It’s the Great Pumpkin, Mrs. B
So, I learned something new about pumpkins today. It cost me a lot of time and effort to learn it, but I guess it’s the lessons that cost you that stick with you
I guess I should preface this story with: this is my first garden, ever. I lived in Florida for 12 years and never could figure out the sandy soil and hot climate. We bought our home in July, Jeb was born the following May, and here we are with this summer.
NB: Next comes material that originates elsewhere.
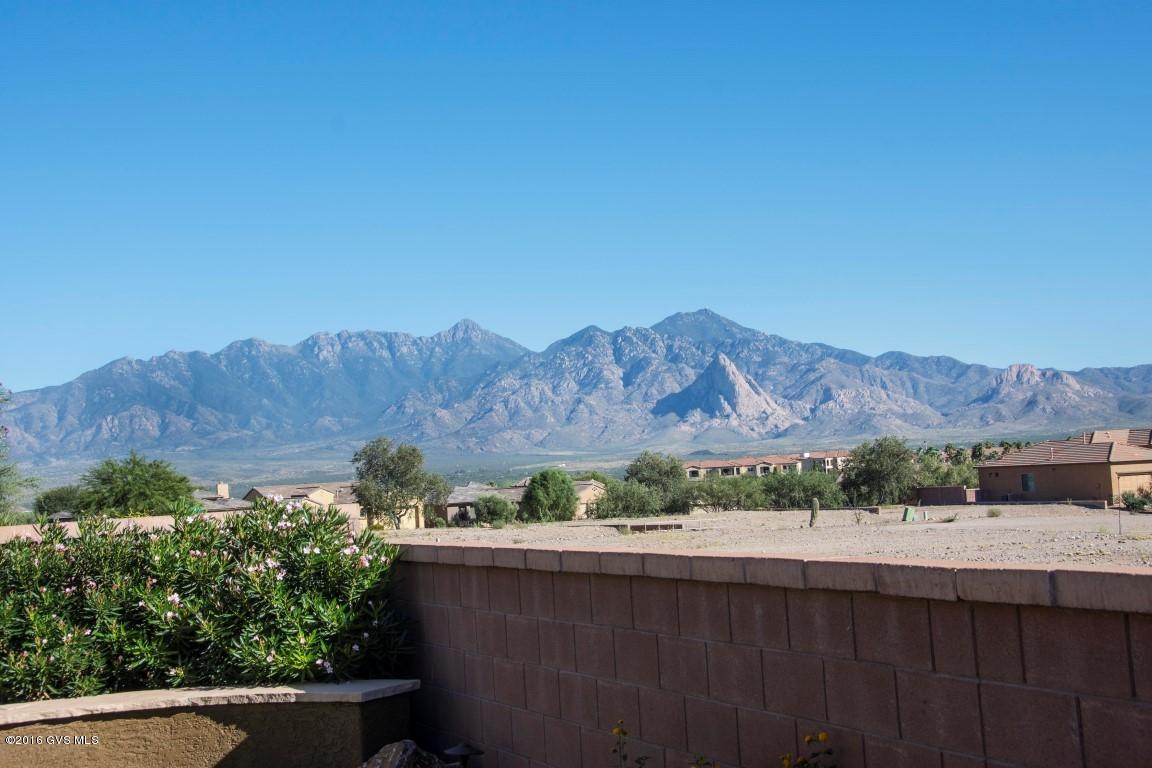 Are you looking for a well-loved beautiful home in the Canoa Ranch area that sits up high with fabulous mountain view? This home is it! The back yard is great for entertaining with a built in barbeque with 2 extra burners and a sit up bar. The stone cactus fountain provides the sound of a tranquil back yard paradise. As you walk inside you will see the classy granite kitchen with tile back splash and stainless steel appliances. The den, master bedroom and garage have the custom California closet designs and the den has a murphy bed and built in desk area. This well maintained gorgeous home has high quality designs inside and out. Call for an appointment today!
When my family lived in Oregon when I was a child, we canned with my grandparents. Between my 12th summer and the year I was pregnant with Scott, I had no other canning experience. That year. Gregg bought me a canner for my birthday (per my request – his preference in gift giving is something sparkly, but I drive him mad with kitchen requests). Since receiving the canner, I’ve canned Daniel Fast Friendly Potato Soup (watch for that recipe coming in the future), various peaches and pears that I’ve found on sale, relishes and pickles from my mom’s cucumbers, and then last year we had an apple crop that was so bountiful, there were still apples falling off of the tree during a snow storm in December. I canned apple sauce, apple butter, apple jelly, apple pepper jelly…
This year is my first garden. My first cucumbers that I grew, my first tomatoes, my first mammoth zucchini plant that just won’t quit — and my first pumpkin.
We harvested the pumpkin last week, and it’s sat in my kitchen on the floor waiting for me to have time to deal with it. Finally, this afternoon, I carved out the time (heh).
So, I chopped, peeled, seeded, and diced it. Nothing but carnage remained.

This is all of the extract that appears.